## Description of the task
Repeat the span of the entries below that starts at the line with "Maserati Quattroporte 2017 3.0T Standard" and ends at the line with "Cartier Must 21 Acc e Oro 1340", nothing more. Skip the pictures.

## Dataset
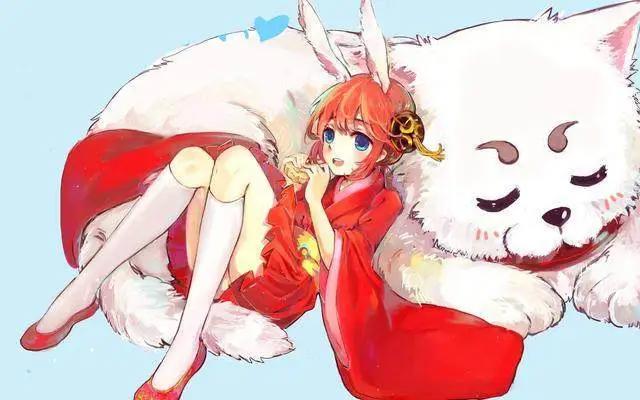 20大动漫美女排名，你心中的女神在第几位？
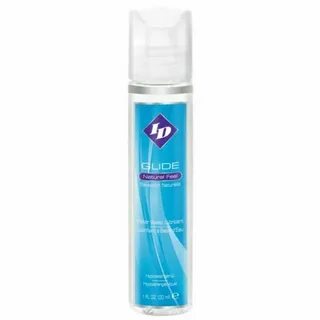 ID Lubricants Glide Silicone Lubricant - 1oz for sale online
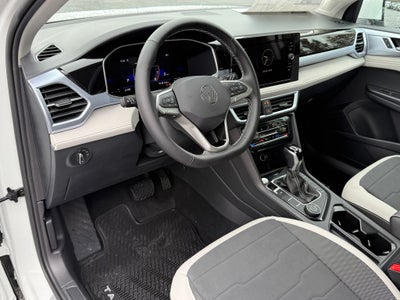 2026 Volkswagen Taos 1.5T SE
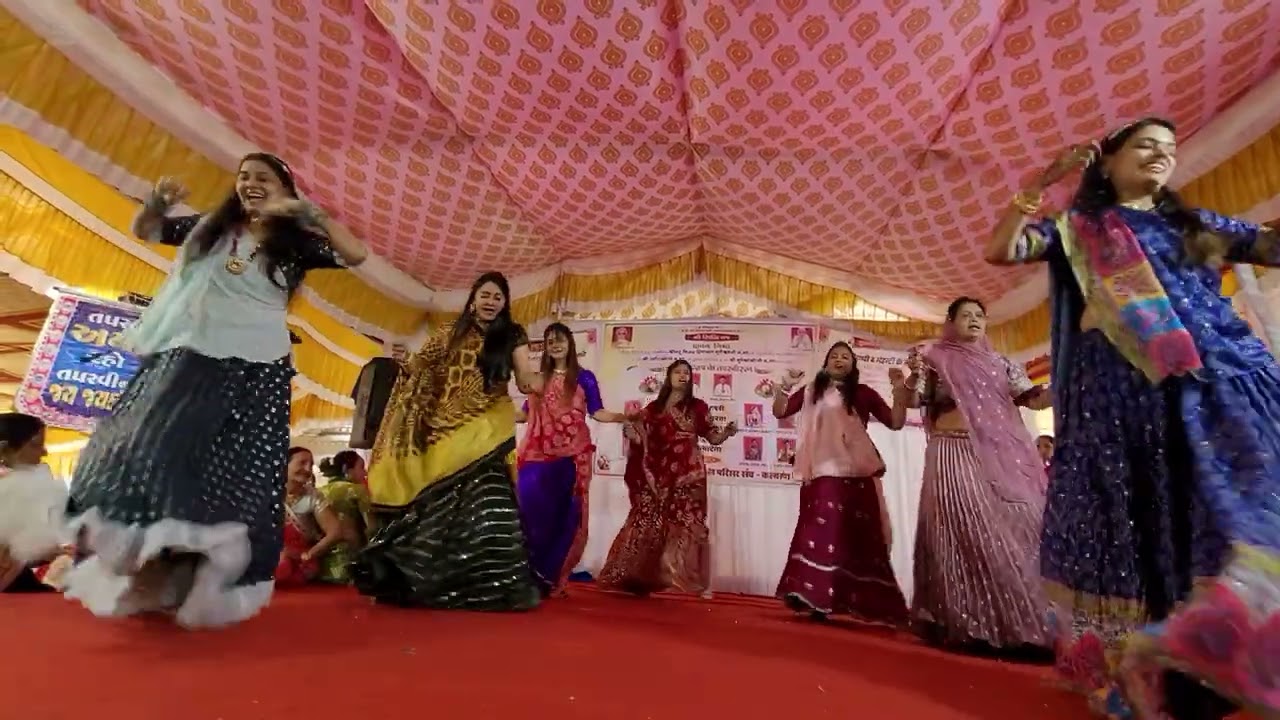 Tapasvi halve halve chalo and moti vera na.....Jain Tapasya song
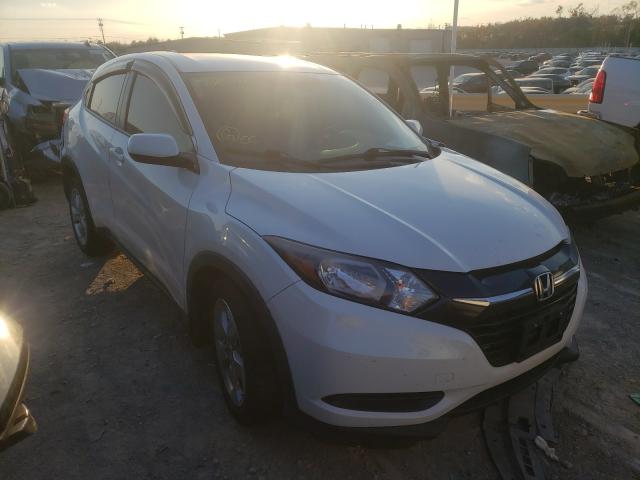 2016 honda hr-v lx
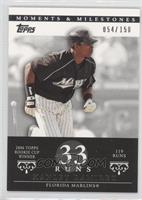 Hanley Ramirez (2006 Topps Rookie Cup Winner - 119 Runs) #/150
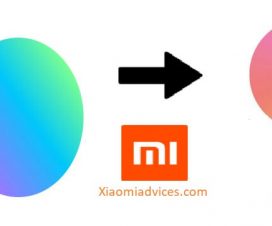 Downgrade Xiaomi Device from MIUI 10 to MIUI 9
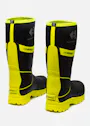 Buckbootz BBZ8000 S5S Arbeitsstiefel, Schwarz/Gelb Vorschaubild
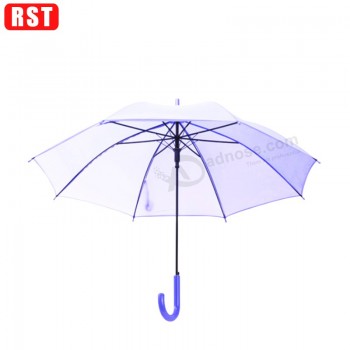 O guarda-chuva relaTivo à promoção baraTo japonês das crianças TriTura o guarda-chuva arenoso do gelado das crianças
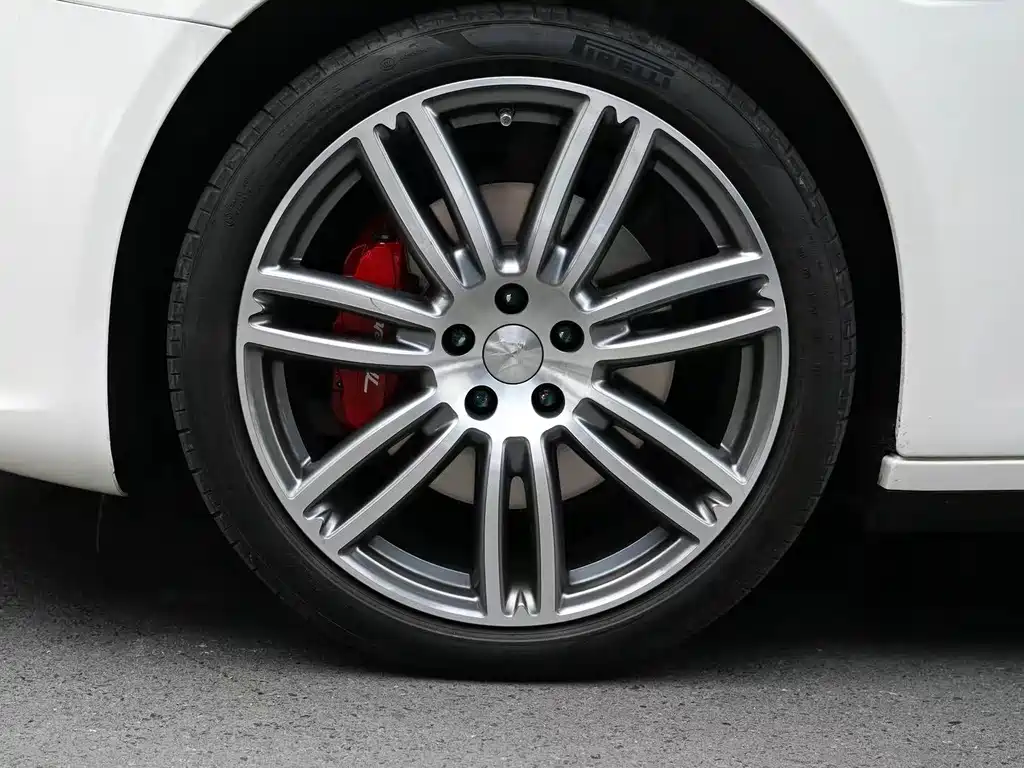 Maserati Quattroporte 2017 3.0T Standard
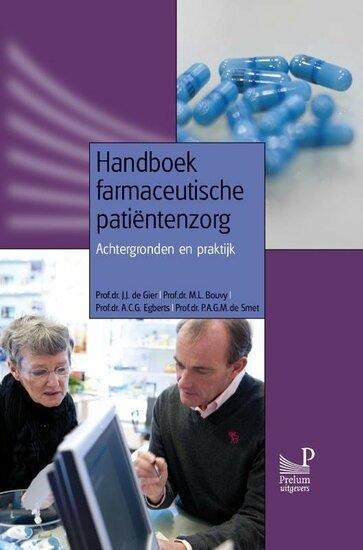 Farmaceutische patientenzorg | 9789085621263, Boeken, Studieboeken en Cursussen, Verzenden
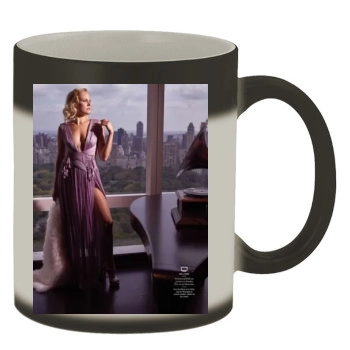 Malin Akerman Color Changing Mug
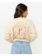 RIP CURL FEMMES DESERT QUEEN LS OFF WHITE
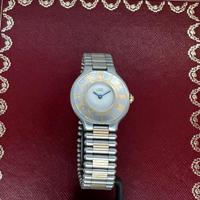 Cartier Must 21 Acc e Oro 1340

---

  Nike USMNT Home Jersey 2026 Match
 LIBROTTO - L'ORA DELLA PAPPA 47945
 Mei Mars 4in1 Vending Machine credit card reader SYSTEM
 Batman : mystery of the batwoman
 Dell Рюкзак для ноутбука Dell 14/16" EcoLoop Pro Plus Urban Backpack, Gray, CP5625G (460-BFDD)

## Response area
 Maserati Quattroporte 2017 3.0T Standard
 Farmaceutische patientenzorg | 9789085621263, Boeken, Studieboeken en Cursussen, Verzenden
 Malin Akerman Color Changing Mug
 RIP CURL FEMMES DESERT QUEEN LS OFF WHITE
 Cartier Must 21 Acc e Oro 1340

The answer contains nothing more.